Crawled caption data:

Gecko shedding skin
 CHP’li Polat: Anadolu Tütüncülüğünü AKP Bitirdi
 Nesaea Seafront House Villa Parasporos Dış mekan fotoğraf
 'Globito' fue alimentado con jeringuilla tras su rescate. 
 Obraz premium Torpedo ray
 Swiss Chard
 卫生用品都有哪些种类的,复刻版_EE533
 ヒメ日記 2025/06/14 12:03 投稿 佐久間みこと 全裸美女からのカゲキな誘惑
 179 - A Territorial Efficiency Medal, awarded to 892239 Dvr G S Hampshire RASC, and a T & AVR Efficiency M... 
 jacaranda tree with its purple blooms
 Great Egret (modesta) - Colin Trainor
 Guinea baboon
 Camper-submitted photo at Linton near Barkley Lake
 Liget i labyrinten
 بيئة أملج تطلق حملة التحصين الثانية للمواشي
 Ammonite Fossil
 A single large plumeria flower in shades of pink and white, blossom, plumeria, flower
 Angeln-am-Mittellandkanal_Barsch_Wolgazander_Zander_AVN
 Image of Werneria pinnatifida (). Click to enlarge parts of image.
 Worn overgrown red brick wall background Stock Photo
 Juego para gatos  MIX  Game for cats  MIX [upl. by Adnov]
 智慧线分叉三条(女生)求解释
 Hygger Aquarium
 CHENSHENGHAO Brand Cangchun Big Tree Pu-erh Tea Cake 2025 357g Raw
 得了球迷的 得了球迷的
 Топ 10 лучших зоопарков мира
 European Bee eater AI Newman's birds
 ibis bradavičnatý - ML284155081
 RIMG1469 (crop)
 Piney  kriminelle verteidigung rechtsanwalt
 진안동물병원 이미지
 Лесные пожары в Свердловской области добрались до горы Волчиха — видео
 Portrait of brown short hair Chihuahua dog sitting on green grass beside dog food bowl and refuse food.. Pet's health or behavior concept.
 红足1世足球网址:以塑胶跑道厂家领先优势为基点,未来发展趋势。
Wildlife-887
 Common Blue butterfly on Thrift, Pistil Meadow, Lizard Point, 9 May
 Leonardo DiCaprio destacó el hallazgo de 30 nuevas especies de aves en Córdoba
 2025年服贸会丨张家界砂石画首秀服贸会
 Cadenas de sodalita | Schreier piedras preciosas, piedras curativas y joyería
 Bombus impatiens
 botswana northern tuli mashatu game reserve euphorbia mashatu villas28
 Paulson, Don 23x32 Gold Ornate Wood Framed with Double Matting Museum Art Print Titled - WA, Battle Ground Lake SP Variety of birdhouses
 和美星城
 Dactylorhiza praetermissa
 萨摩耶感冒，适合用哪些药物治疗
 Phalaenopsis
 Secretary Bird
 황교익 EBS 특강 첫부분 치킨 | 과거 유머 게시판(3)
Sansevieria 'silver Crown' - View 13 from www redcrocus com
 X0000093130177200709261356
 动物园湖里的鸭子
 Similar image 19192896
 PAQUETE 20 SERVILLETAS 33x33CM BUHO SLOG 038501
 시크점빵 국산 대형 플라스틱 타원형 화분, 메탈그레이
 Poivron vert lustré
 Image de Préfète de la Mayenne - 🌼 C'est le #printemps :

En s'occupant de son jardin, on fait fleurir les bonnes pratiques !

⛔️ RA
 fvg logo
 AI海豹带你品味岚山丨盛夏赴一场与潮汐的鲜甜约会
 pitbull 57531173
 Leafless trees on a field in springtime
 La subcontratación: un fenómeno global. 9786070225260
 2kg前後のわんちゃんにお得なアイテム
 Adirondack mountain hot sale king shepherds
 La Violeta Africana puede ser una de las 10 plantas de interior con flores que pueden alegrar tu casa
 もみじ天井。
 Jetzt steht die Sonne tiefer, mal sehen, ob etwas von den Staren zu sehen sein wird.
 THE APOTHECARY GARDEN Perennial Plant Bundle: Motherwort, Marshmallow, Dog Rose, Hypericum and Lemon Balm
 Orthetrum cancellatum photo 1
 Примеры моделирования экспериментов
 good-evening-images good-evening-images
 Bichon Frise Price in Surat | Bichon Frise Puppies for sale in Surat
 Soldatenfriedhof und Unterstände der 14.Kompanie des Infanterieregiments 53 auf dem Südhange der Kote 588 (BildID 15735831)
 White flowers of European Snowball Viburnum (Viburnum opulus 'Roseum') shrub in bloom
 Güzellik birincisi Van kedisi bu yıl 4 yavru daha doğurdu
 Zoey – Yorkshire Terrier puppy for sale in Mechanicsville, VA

What this task involves: An exact transcription of all the entries is needed.

Output:
Gecko shedding skin
 CHP’li Polat: Anadolu Tütüncülüğünü AKP Bitirdi
 Nesaea Seafront House Villa Parasporos Dış mekan fotoğraf
 'Globito' fue alimentado con jeringuilla tras su rescate. 
 Obraz premium Torpedo ray
 Swiss Chard
 卫生用品都有哪些种类的,复刻版_EE533
 ヒメ日記 2025/06/14 12:03 投稿 佐久間みこと 全裸美女からのカゲキな誘惑
 179 - A Territorial Efficiency Medal, awarded to 892239 Dvr G S Hampshire RASC, and a T & AVR Efficiency M... 
 jacaranda tree with its purple blooms
 Great Egret (modesta) - Colin Trainor
 Guinea baboon
 Camper-submitted photo at Linton near Barkley Lake
 Liget i labyrinten
 بيئة أملج تطلق حملة التحصين الثانية للمواشي
 Ammonite Fossil
 A single large plumeria flower in shades of pink and white, blossom, plumeria, flower
 Angeln-am-Mittellandkanal_Barsch_Wolgazander_Zander_AVN
 Image of Werneria pinnatifida (). Click to enlarge parts of image.
 Worn overgrown red brick wall background Stock Photo
 Juego para gatos  MIX  Game for cats  MIX [upl. by Adnov]
 智慧线分叉三条(女生)求解释
 Hygger Aquarium
 CHENSHENGHAO Brand Cangchun Big Tree Pu-erh Tea Cake 2025 357g Raw
 得了球迷的 得了球迷的
 Топ 10 лучших зоопарков мира
 European Bee eater AI Newman's birds
 ibis bradavičnatý - ML284155081
 RIMG1469 (crop)
 Piney  kriminelle verteidigung rechtsanwalt
 진안동물병원 이미지
 Лесные пожары в Свердловской области добрались до горы Волчиха — видео
 Portrait of brown short hair Chihuahua dog sitting on green grass beside dog food bowl and refuse food.. Pet's health or behavior concept.
 红足1世足球网址:以塑胶跑道厂家领先优势为基点,未来发展趋势。
Wildlife-887
 Common Blue butterfly on Thrift, Pistil Meadow, Lizard Point, 9 May
 Leonardo DiCaprio destacó el hallazgo de 30 nuevas especies de aves en Córdoba
 2025年服贸会丨张家界砂石画首秀服贸会
 Cadenas de sodalita | Schreier piedras preciosas, piedras curativas y joyería
 Bombus impatiens
 botswana northern tuli mashatu game reserve euphorbia mashatu villas28
 Paulson, Don 23x32 Gold Ornate Wood Framed with Double Matting Museum Art Print Titled - WA, Battle Ground Lake SP Variety of birdhouses
 和美星城
 Dactylorhiza praetermissa
 萨摩耶感冒，适合用哪些药物治疗
 Phalaenopsis
 Secretary Bird
 황교익 EBS 특강 첫부분 치킨 | 과거 유머 게시판(3)
Sansevieria 'silver Crown' - View 13 from www redcrocus com
 X0000093130177200709261356
 动物园湖里的鸭子
 Similar image 19192896
 PAQUETE 20 SERVILLETAS 33x33CM BUHO SLOG 038501
 시크점빵 국산 대형 플라스틱 타원형 화분, 메탈그레이
 Poivron vert lustré
 Image de Préfète de la Mayenne - 🌼 C'est le #printemps :

En s'occupant de son jardin, on fait fleurir les bonnes pratiques !

⛔️ RA
 fvg logo
 AI海豹带你品味岚山丨盛夏赴一场与潮汐的鲜甜约会
 pitbull 57531173
 Leafless trees on a field in springtime
 La subcontratación: un fenómeno global. 9786070225260
 2kg前後のわんちゃんにお得なアイテム
 Adirondack mountain hot sale king shepherds
 La Violeta Africana puede ser una de las 10 plantas de interior con flores que pueden alegrar tu casa
 もみじ天井。
 Jetzt steht die Sonne tiefer, mal sehen, ob etwas von den Staren zu sehen sein wird.
 THE APOTHECARY GARDEN Perennial Plant Bundle: Motherwort, Marshmallow, Dog Rose, Hypericum and Lemon Balm
 Orthetrum cancellatum photo 1
 Примеры моделирования экспериментов
 good-evening-images good-evening-images
 Bichon Frise Price in Surat | Bichon Frise Puppies for sale in Surat
 Soldatenfriedhof und Unterstände der 14.Kompanie des Infanterieregiments 53 auf dem Südhange der Kote 588 (BildID 15735831)
 White flowers of European Snowball Viburnum (Viburnum opulus 'Roseum') shrub in bloom
 Güzellik birincisi Van kedisi bu yıl 4 yavru daha doğurdu
 Zoey – Yorkshire Terrier puppy for sale in Mechanicsville, VA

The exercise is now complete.